> [Supplied data]:
* * * * * * * * *

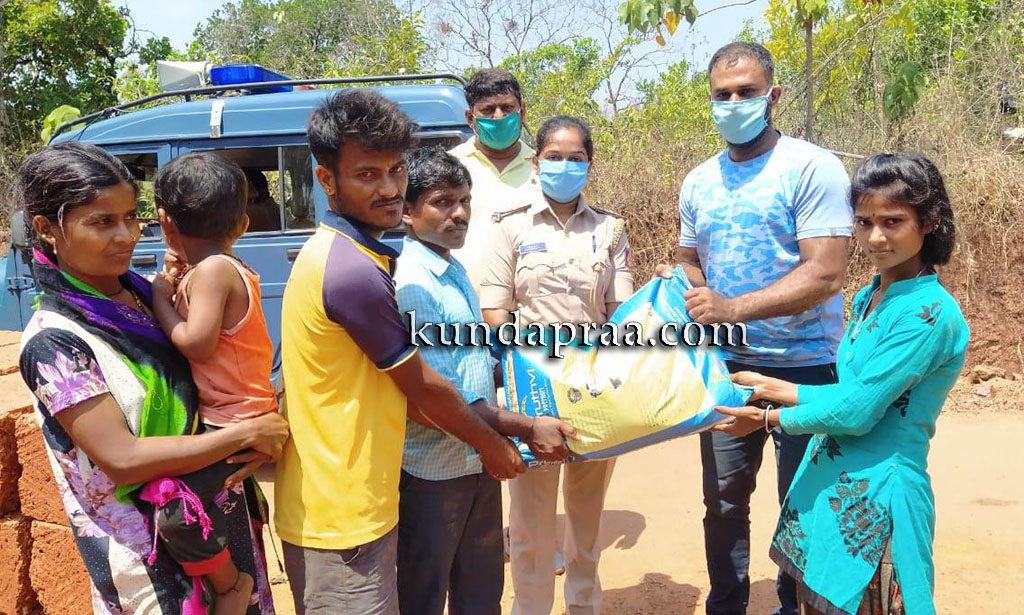 ಜಿಲ್ಲಾ ಮುಸ್ಲಿಂ ಒಕ್ಕೂಟ ಬೈಂದೂರು ತಾ. ಘಟಕ: ಬಡ ಕುಟುಂಬಕ್ಕೆ ನೆರವು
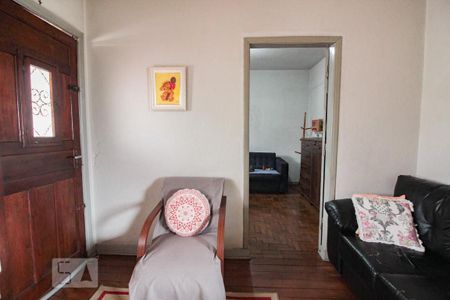 Casa à venda com 150m², 2 quartos e 2 vagasSala casa 2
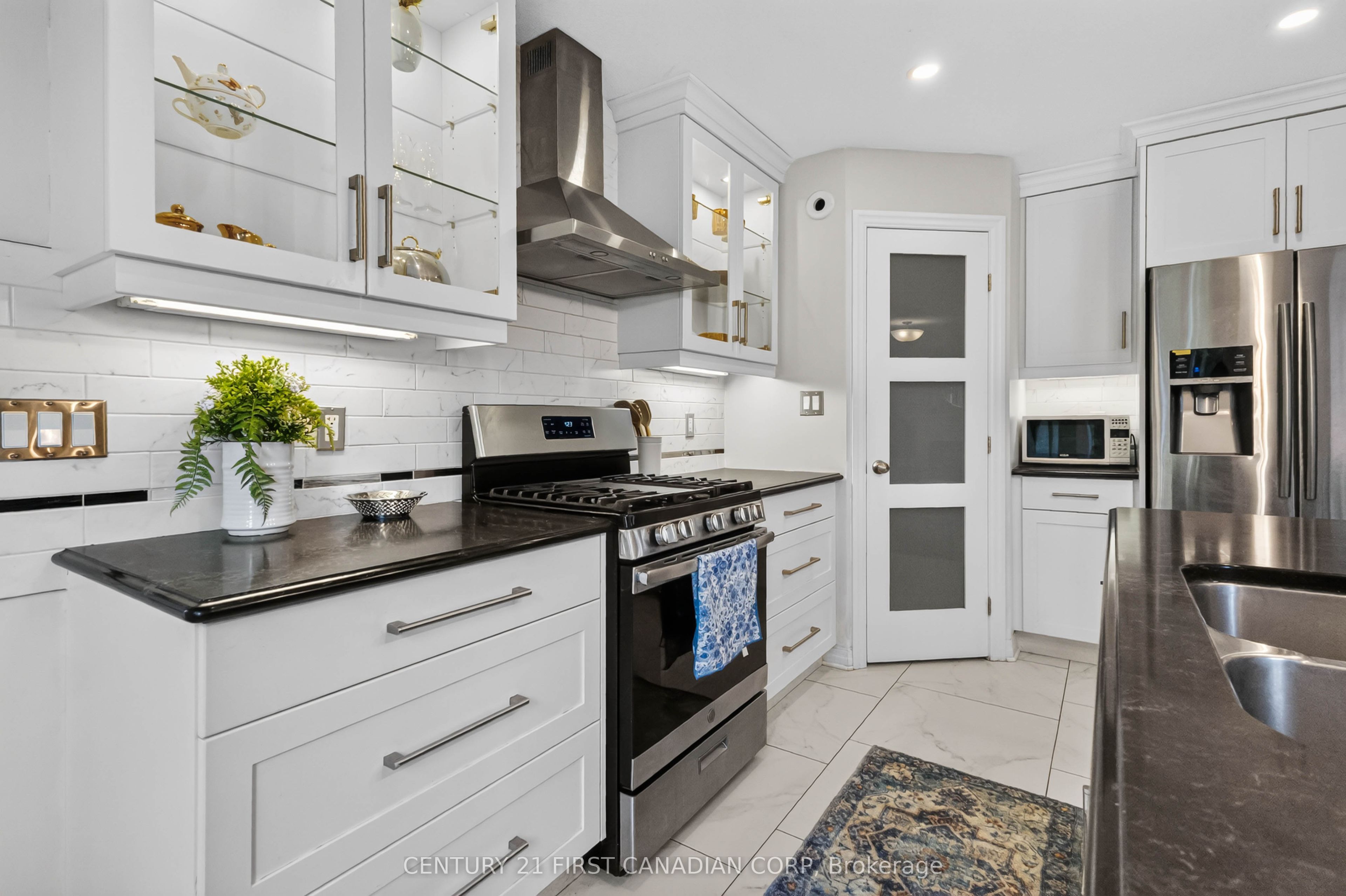 10 Birchall Lane Property Photo 24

* * * * * * * * *

Would you return the data above exactly as written, minus the images?

> [Exercise solution]:
 ಜಿಲ್ಲಾ ಮುಸ್ಲಿಂ ಒಕ್ಕೂಟ ಬೈಂದೂರು ತಾ. ಘಟಕ: ಬಡ ಕುಟುಂಬಕ್ಕೆ ನೆರವು
 Casa à venda com 150m², 2 quartos e 2 vagasSala casa 2
 10 Birchall Lane Property Photo 24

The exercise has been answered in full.